Task requirements:
What you return must match the records below exactly, down to each character.

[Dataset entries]
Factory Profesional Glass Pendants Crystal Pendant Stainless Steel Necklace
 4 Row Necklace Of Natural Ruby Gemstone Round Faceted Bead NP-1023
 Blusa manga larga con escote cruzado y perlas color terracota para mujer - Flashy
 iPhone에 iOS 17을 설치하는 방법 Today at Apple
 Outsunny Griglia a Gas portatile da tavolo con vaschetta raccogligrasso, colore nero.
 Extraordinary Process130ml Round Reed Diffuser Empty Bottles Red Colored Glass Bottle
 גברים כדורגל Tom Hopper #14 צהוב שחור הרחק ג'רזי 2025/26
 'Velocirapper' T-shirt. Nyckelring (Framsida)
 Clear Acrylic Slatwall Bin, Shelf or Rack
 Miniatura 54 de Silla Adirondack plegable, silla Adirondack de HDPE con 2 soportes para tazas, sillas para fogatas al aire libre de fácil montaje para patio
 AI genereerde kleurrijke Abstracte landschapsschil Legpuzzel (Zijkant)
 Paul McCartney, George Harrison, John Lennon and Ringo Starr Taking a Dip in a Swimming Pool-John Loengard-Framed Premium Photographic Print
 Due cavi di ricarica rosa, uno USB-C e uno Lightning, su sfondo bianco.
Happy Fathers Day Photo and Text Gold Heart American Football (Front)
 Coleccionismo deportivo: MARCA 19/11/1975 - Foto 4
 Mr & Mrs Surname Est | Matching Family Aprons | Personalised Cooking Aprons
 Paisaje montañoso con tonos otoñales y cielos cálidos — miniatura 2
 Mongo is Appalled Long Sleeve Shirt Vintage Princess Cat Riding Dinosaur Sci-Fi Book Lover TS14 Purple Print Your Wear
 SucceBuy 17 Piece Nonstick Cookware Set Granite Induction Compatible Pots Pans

Answer below:
Factory Profesional Glass Pendants Crystal Pendant Stainless Steel Necklace
 4 Row Necklace Of Natural Ruby Gemstone Round Faceted Bead NP-1023
 Blusa manga larga con escote cruzado y perlas color terracota para mujer - Flashy
 iPhone에 iOS 17을 설치하는 방법 Today at Apple
 Outsunny Griglia a Gas portatile da tavolo con vaschetta raccogligrasso, colore nero.
 Extraordinary Process130ml Round Reed Diffuser Empty Bottles Red Colored Glass Bottle
 גברים כדורגל Tom Hopper #14 צהוב שחור הרחק ג'רזי 2025/26
 'Velocirapper' T-shirt. Nyckelring (Framsida)
 Clear Acrylic Slatwall Bin, Shelf or Rack
 Miniatura 54 de Silla Adirondack plegable, silla Adirondack de HDPE con 2 soportes para tazas, sillas para fogatas al aire libre de fácil montaje para patio
 AI genereerde kleurrijke Abstracte landschapsschil Legpuzzel (Zijkant)
 Paul McCartney, George Harrison, John Lennon and Ringo Starr Taking a Dip in a Swimming Pool-John Loengard-Framed Premium Photographic Print
 Due cavi di ricarica rosa, uno USB-C e uno Lightning, su sfondo bianco.
Happy Fathers Day Photo and Text Gold Heart American Football (Front)
 Coleccionismo deportivo: MARCA 19/11/1975 - Foto 4
 Mr & Mrs Surname Est | Matching Family Aprons | Personalised Cooking Aprons
 Paisaje montañoso con tonos otoñales y cielos cálidos — miniatura 2
 Mongo is Appalled Long Sleeve Shirt Vintage Princess Cat Riding Dinosaur Sci-Fi Book Lover TS14 Purple Print Your Wear
 SucceBuy 17 Piece Nonstick Cookware Set Granite Induction Compatible Pots Pans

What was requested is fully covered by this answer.